At this point her twitter is pretty horrific, yes, but some people would benefit from seeing how she got there and putting it in context.
At this point her twitter is pretty horrific, yes, but some people would benefit from seeing how she got there and putting it in context.
Right or wrong I am able to separate the art from the artist.
Me too, but I’d still prefer not to have my money go to people actively spreading bigotry where possible, especially when those people believe it means you support them. Like, it’s one thing when the author is dead, or even when they’re only partly involved in creating a given work of art, but I’m done with Rowling and her work unless and until she either dies or comes around on her views. Not to mention that separating the art from the artist only goes up to a point. I was a big fan of David and Leigh Eddings’ books in my teenage years but when I found out how abusive they were to their foster children, I just could not separate that. No way. I have kids. The Eddings were put in jail for child abuse in the fucking 1970s when it was normal to beat your kids with a belt. I cannot separate that. Same as how I don’t want to read anything by Marion Zimmer Bradley.

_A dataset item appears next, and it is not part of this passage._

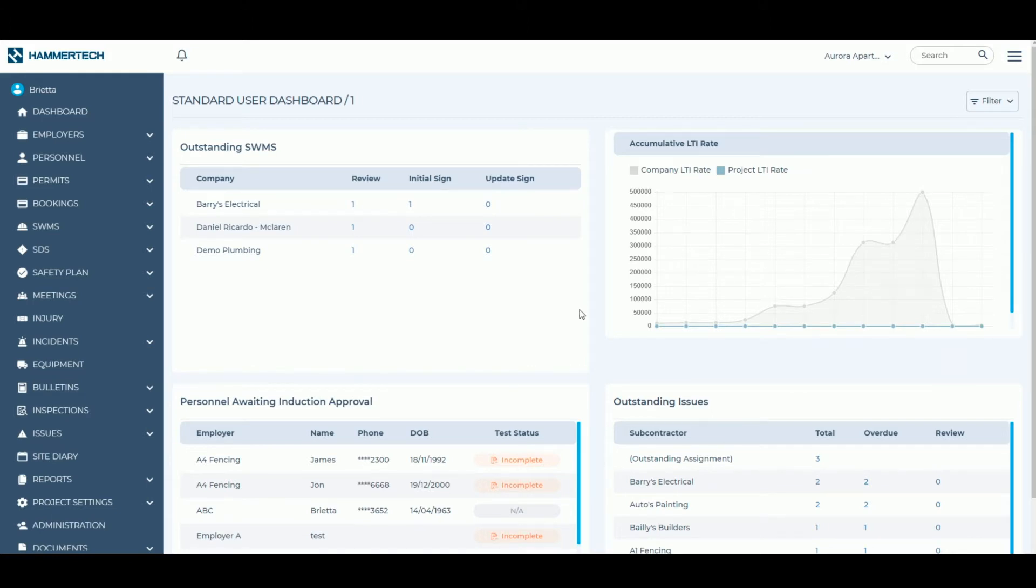Both subcontractors and head contractors can induct plant when it arrives on site. If subcontractors are inducting plant, an authorized person from the head contractor like the site manager will be required to approve the piece of plant.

Controversial take, but I think people underestimate how bad the backlash was to her original essay and how that might have affected her psychologically, combined with the fact that that that has never stopped happening since.
She started falling apart before she got sucked down the transphobia rabbit hole. Don’t forget that just before it dropped she’d blown up for her weird tweets about the Harry Potter universe about wizards publicly shitting themselves and had her attempts at writing other things repeatedly flop. She clearly liked both being a beloved writer and being a twitter personality, and I think her insecurities over both of those things left her open to being drawn into the terf cult.
This article from a while back by Scalzi about the surprisingly common phenomenon of SF/Fantasy authors losing their minds always comes to mind when I think about how Rowling wound up where she is now.
So the thing is they only got anywhere after someone leaked that they were written by her while “wearing manface”, to use terf-adjacent terminology. The first book she wrote for adults under her own name had a resoundingly mixed reception. It seems to me that she was trying to do a Steven King and prove to herself that she wasn’t just coasting on her own name, and failed pretty miserably at it.